Copy word for word the line containing "Renault Korea (Samsung)" together with all lines following it to the end of the listing below, without the pictures.

§ **Information supplied**
>>>>>

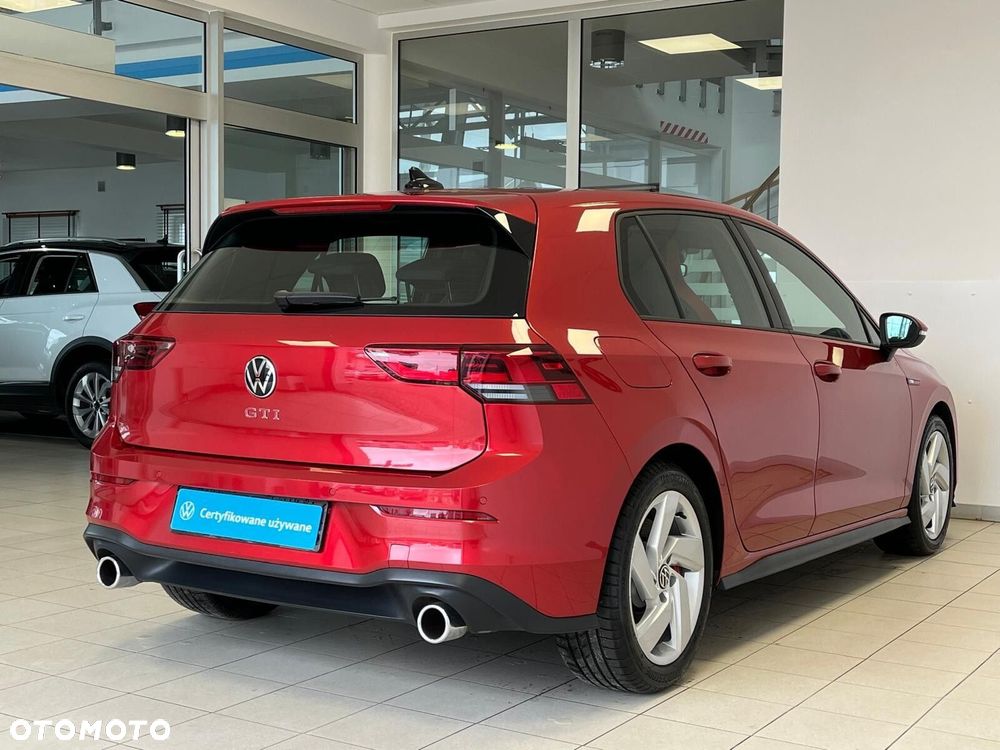 Volkswagen Golf 2.0 TSI OPF DSG GTI - 13
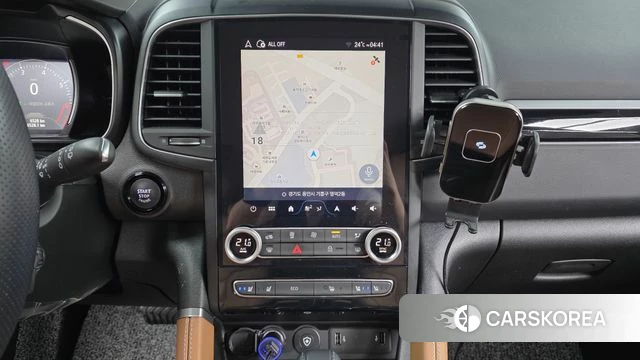 Renault Korea (Samsung) The New QM6 2025 Белый из Кореи, фото 4
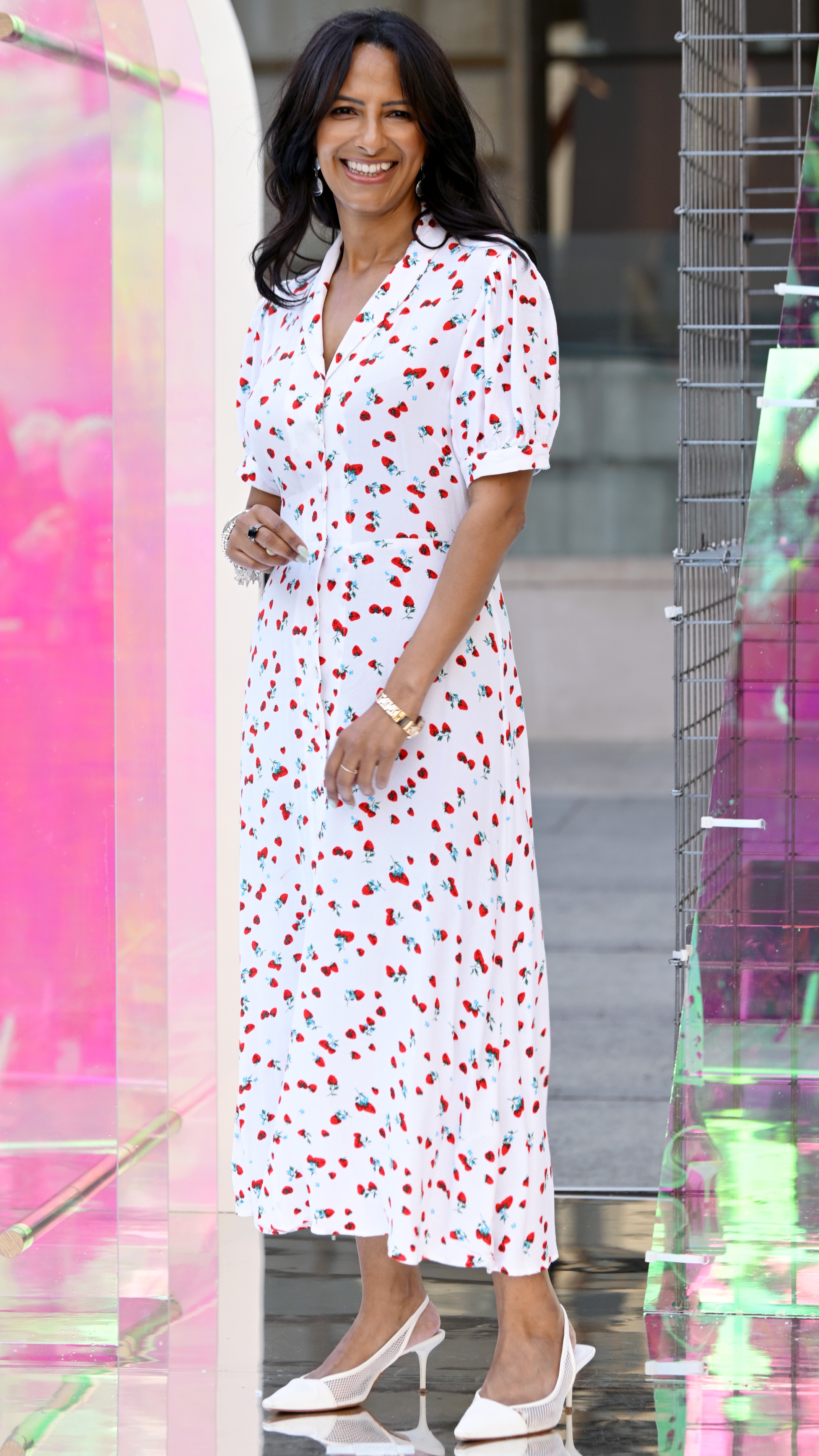 Ranvir Singh attends the Royal Academy Summer Exhibition Preview Party 2025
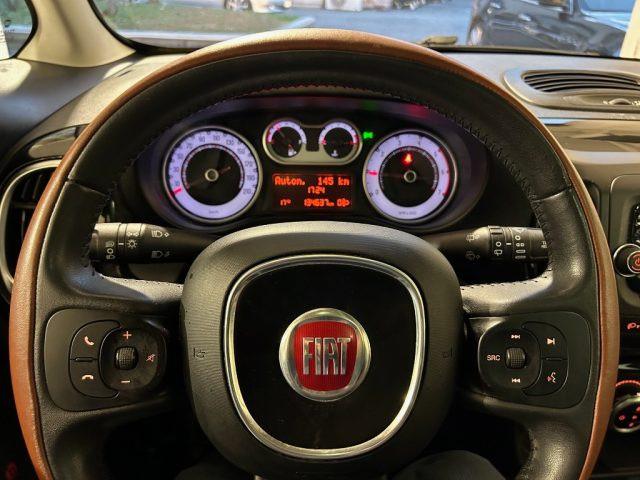 FIAT 500L 1.3 Multijet 85 CV Trekking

<<<<<

§ **Answer box**
 Renault Korea (Samsung) The New QM6 2025 Белый из Кореи, фото 4
 Ranvir Singh attends the Royal Academy Summer Exhibition Preview Party 2025
 FIAT 500L 1.3 Multijet 85 CV Trekking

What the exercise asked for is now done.